Functions of up to 5 arguments can be generated.

    > = tablex.map2(_1+_2,{1,2,3}, {10,20,30})
    {11,22,33}

These expressions can use arbitrary functions, altho they must first be
registered with the functional library. `func.register` brings in a single
function, and `func.import` brings in a whole table of functions, such as `math`.

    > sin = register(math.sin)
    > = tablex.map(sin(_1), {1,2,3,4})
    {0.8414709848079,0.90929742682568,0.14112000805987,-0.75680249530793}
    > import 'math'
    > = tablex.map(cos(2*_1),{1,2,3,4})
    {-0.41614683654714,-0.65364362086361,0.96017028665037,-0.14550003380861}

A common operation is calling a method of a set of objects:

    > = tablex.map(_1:sub(1,1), {'one','four','x'})
    {'o','f','x'}

There are some restrictions on what operators can be used in PEs.

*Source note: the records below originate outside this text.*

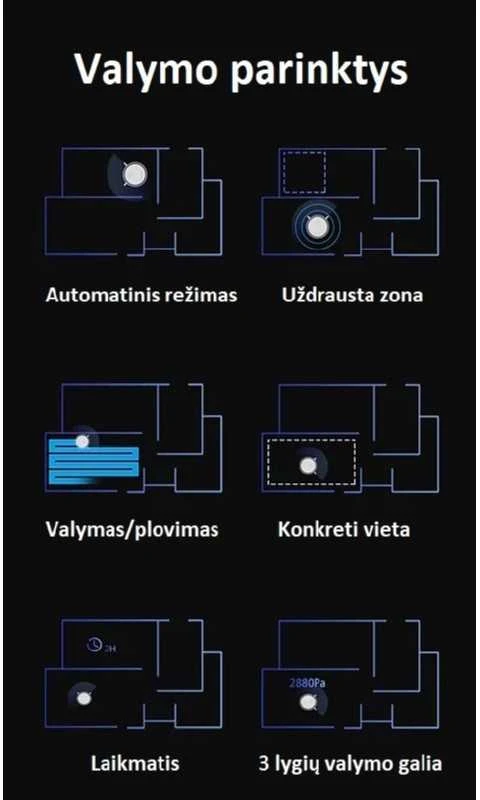 Plaunantis robotas siurblys su dulkių išpylimo stotele Mamibot EXVAC890SET Glory, baterija 5200 mAh, juodas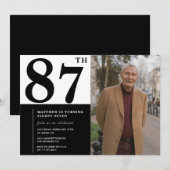 Zwart-wit foto uitnodiging 87ste verjaardag (Voorkant / Achterkant)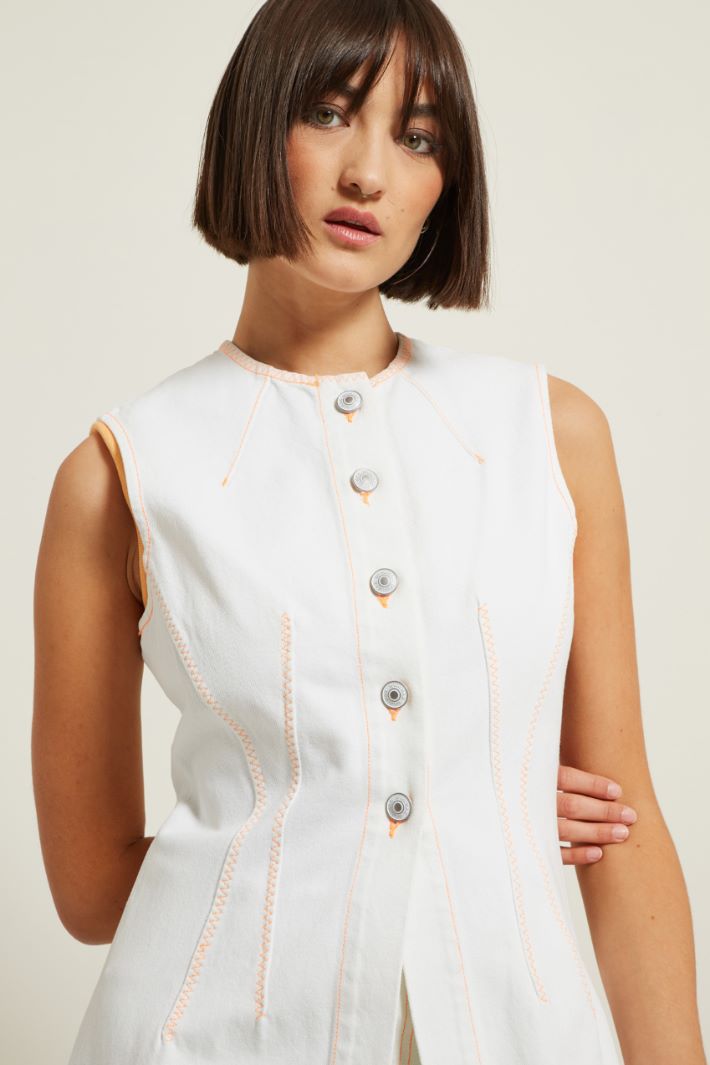 Gilet lungo in denim Fashion Market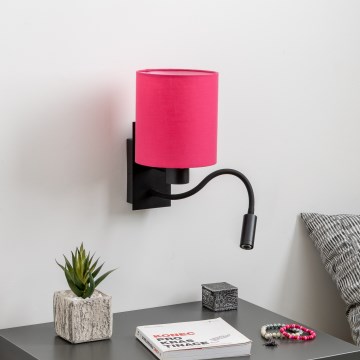 Brilagi - LED Lampada flessibile da muro NUBILA 1xE27/25W/230V + LED/3W nero/rosa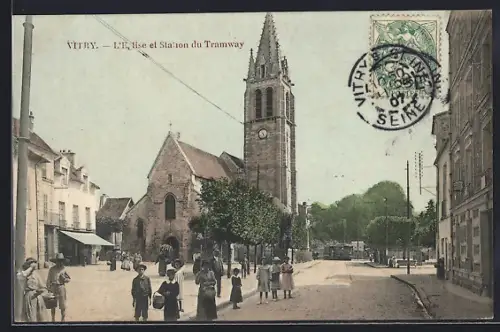 AK Vitry, L` Eglise et Station du Tramway, Strassenbahn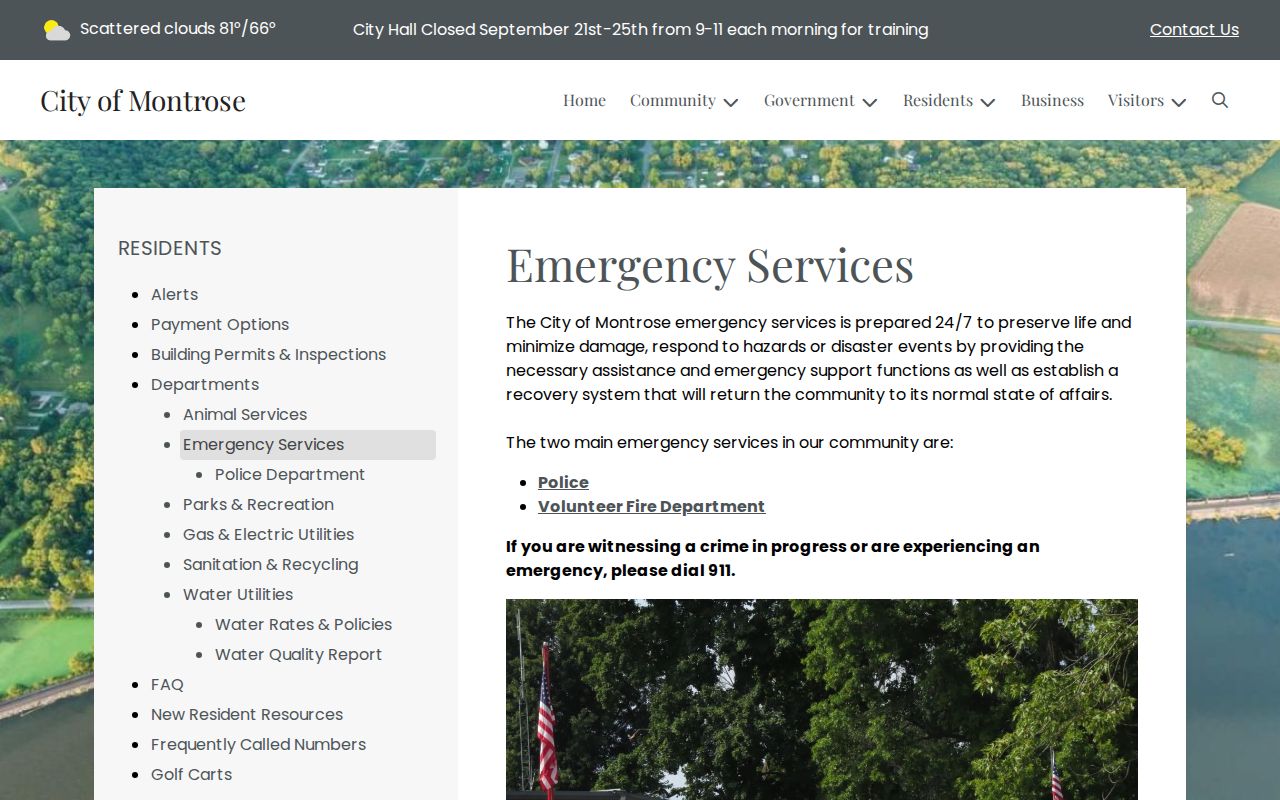 Official Montrose emergency services page confirming police service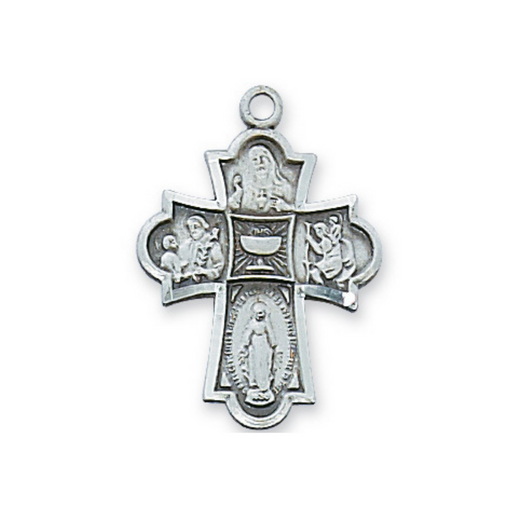 Antique Pewter Four Way Chalice Necklace Antique Pewter Four Way Chalice Medal communion cross first communion communion symbols communion four wat medal communion keepsake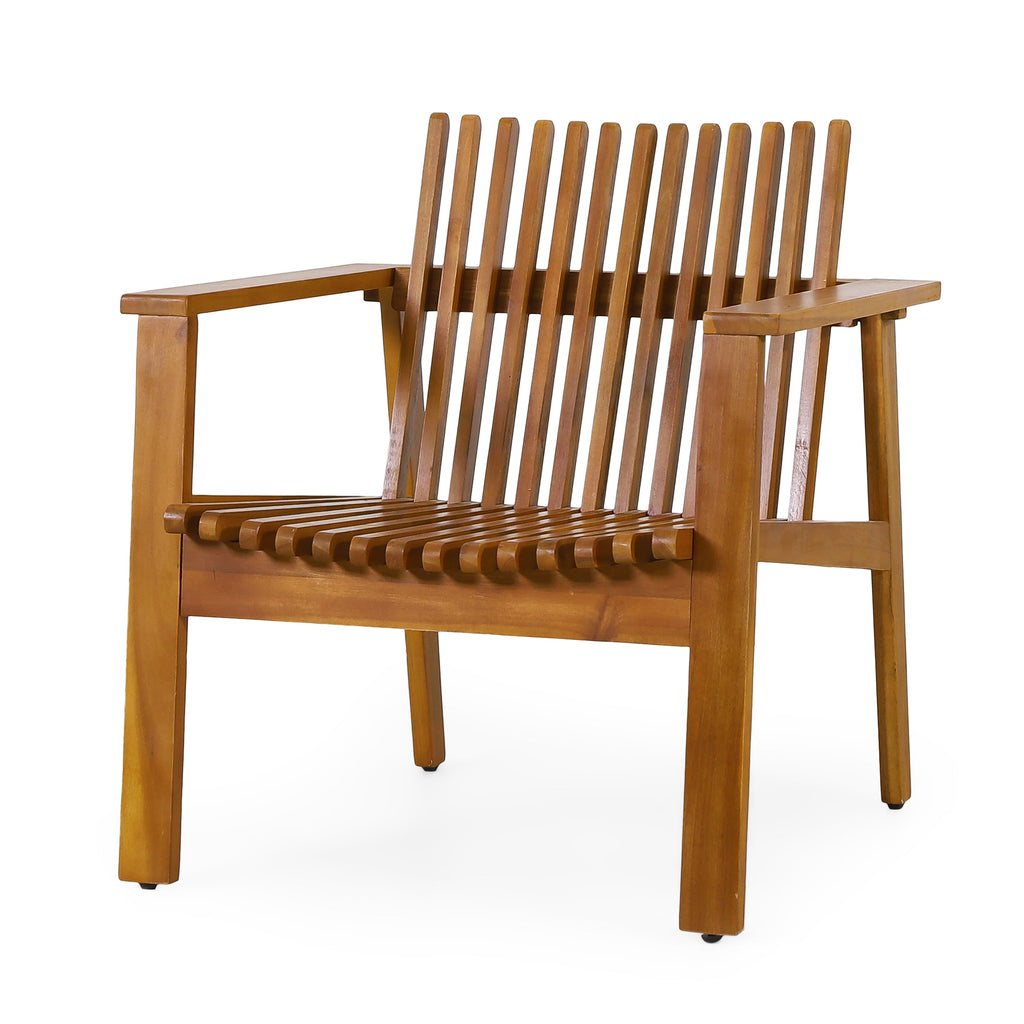 Outdoor Acacia Wood Slatted Club Chairs, Set of 2, Teak Finish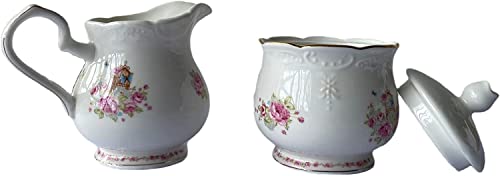 YBK Tech Pot à lait et sucrier en porcelaine anglaise pour dégustation de café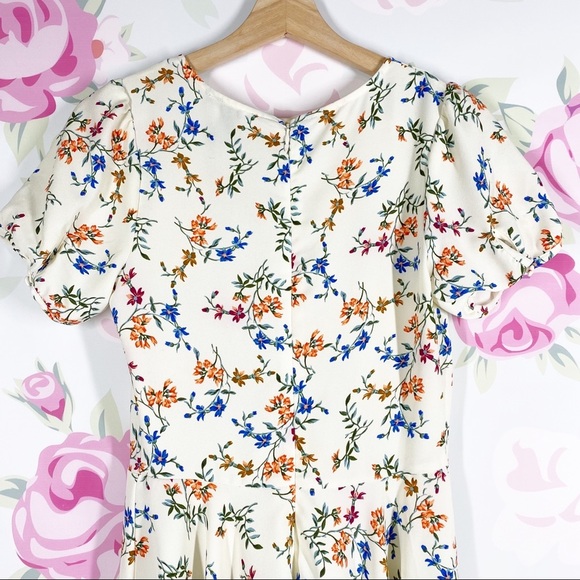 Forever 21 Ditsy Floral Puff Sleeve Mini Dress S - Picture 8 of 13
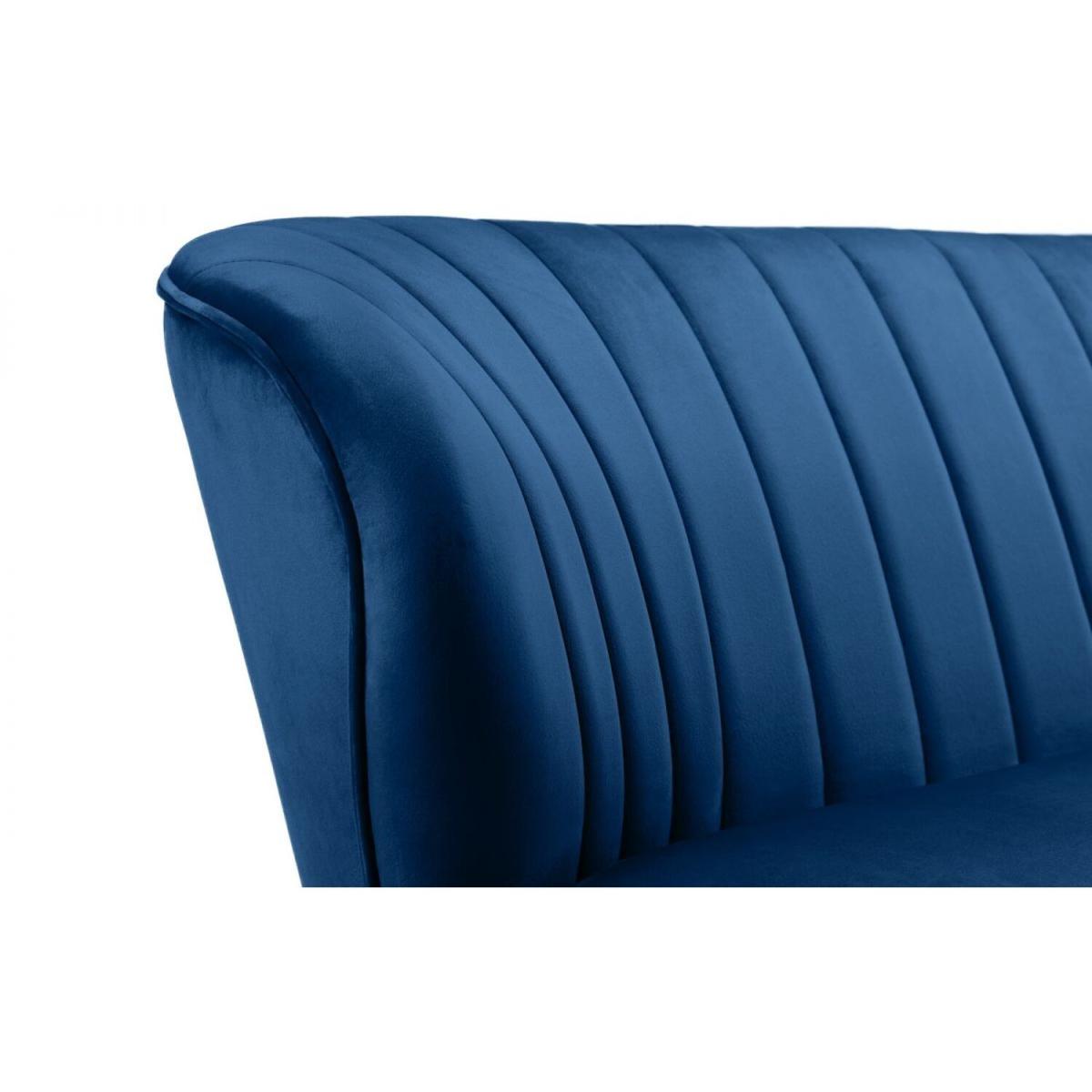 2 Seater Velvet Accent Chair - Dark Blue – image 2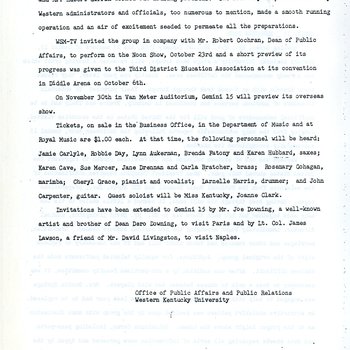 Gemini 15 - European Tour Press Release Part 2
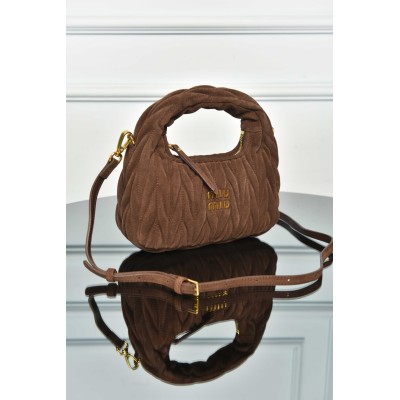 Miu Miu Wander Matelasse Suede Bag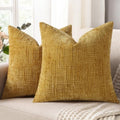 decorUhome Textured Chenille Throw Pillow Covers 26x26 Set of 2 Yellow by decorUhome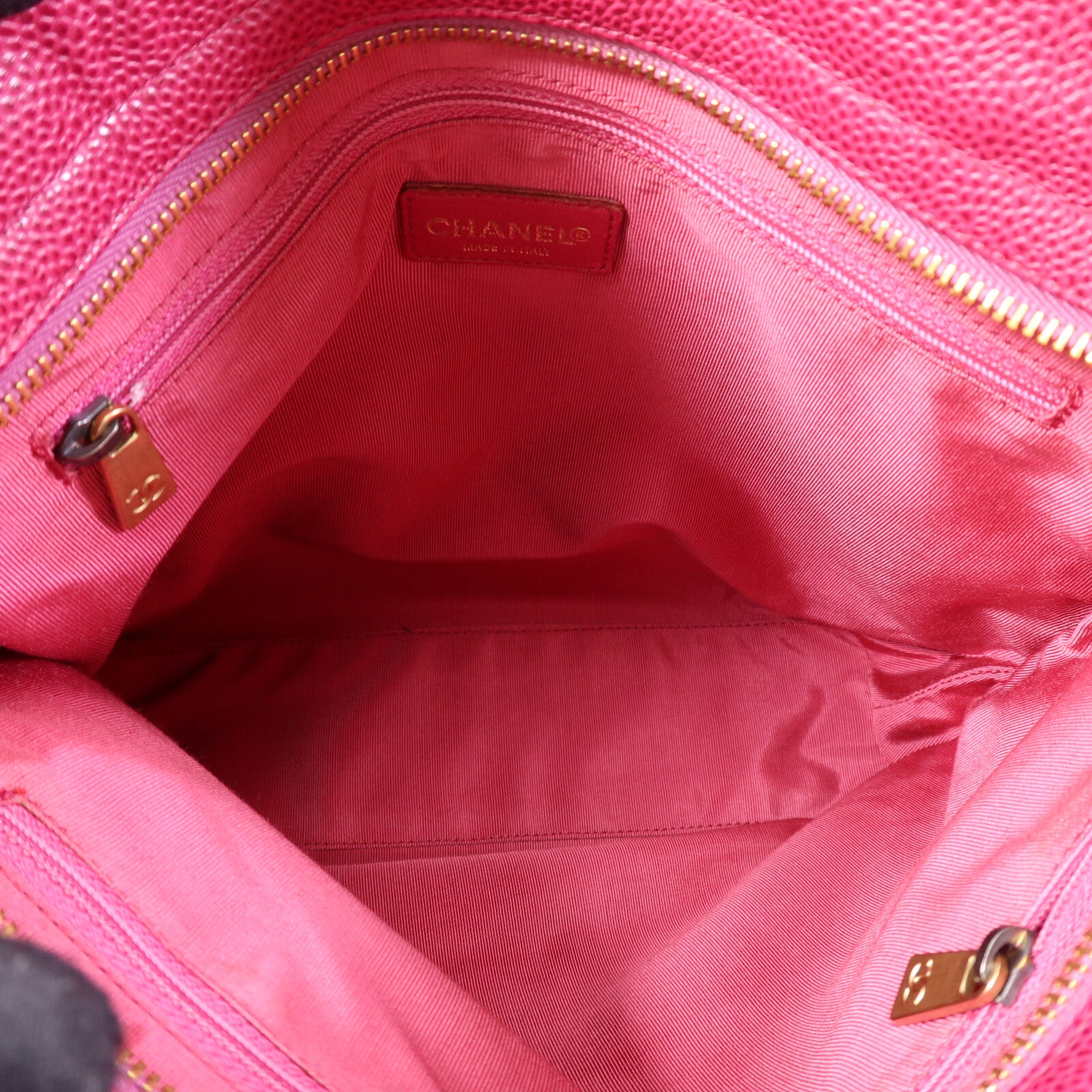 CHANEL 牛皮皮革Bicolore Chain Tote金扣手挽袋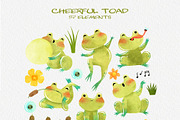 Cheerful Toad, Frog clipart, an Animal Illustration by LukaJreym (Thumbnail 9 of 10)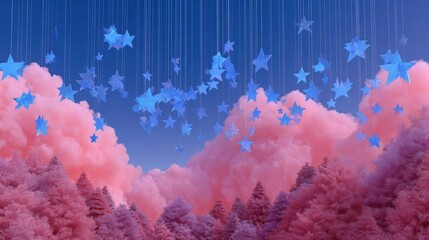 Digital illustration of a forest with pink and blue clouds in the background. the sky is a deep blue color and there are several blue stars hanging from strings above the trees.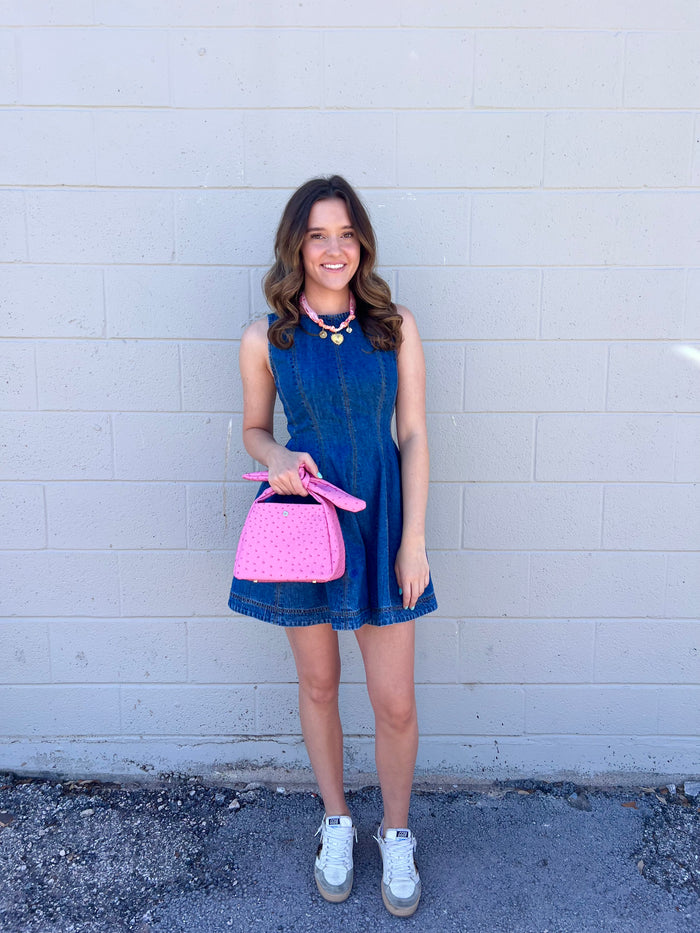 there was this girl denim dress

For instance,
because the `__len` metamethod cannot be overriden by plain Lua tables, we need
to define a special function to express `#_1':

    > = tablex.map(Len(_1), {'one','four','x'})
    {3,4,1}

Likewise for comparison operators, which cannot be overloaded for _different_
types, and thus also have to be expressed as a special function:

    > = tablex.filter(Gt(_1,0), {1,-1,2,4,-3})
    {1,2,4}

It is useful to express the fact that a function returns multiple values. For
instance, `tablex.pairmap`  expects a function that will be called with the key
and the value, and returns the new value and the key, in that order.

    > = pairmap(Args(_2,_1:upper()),{fred=1,alice=2})
    {ALICE=2,FRED=1}

PEs cannot contain `nil` values, since PE function arguments are represented as
an array. Instead, a special value called `Nil` is provided.  So say
`_1:f(Nil,1)` instead of `_1:f(nil,1)`.

A placeholder expression cannot be automatically used as a Lua function. The
technical reason is that the call operator must be overloaded to construct
function calls like `_1(1)`.  If you want to force a PE to return a function, use
`func.I`.

    > = tablex.map(_1(10),{I(2*_1),I(_1*_1),I(_1+2)})
    {20,100,12}

Here we make a table of functions taking a single argument, and then call them
all with a value of 10.

The essential idea with PEs is to 'quote' an expression so that it is not
immediately evaluated, but instead turned into a function that can be applied
later to some arguments. The basic mechanism is to wrap values and placeholders
so that the usual Lua operators have the effect of building up an _expression
tree_. (It turns out that you can do _symbolic algebra_ using PEs, see
`symbols.lua` in the examples directory, and its test runner `testsym.lua`, which
demonstrates symbolic differentiation.)

The rule is that if any operator has a PE operand, the result will be quoted.
Sometimes we need to quote things explicitly. For instance, say we want to pass a
function to a filter that must return true if the element value is in a set.
`set[_1]` is the obvious expression, but it does not give the desired result,
since it evaluates directly, giving `nil`. Indexing works differently than a
binary operation like addition (set+_1 _is_ properly quoted) so there is a need
for an explicit quoting or wrapping operation. This is the job of the `_`
function; the PE in this case should be `_(set)[_1]`.  This works for functions
as well, as a convenient alternative to registering functions: `_(math.sin)(_1)`.
This is equivalent to using the `lines' method:

    for line in I(_(f):read()) do print(line) end

Now this will work for _any_ 'file-like' object which which has a `read` method
returning the next line. If you had a LuaSocket client which was being 'pushed'
by lines sent from a server, then `_(s):receive '*l'` would create an iterator
for accepting input. These forms can be convenient for adapting your data flow so
that it can be passed to the sequence functions in `pl.seq'.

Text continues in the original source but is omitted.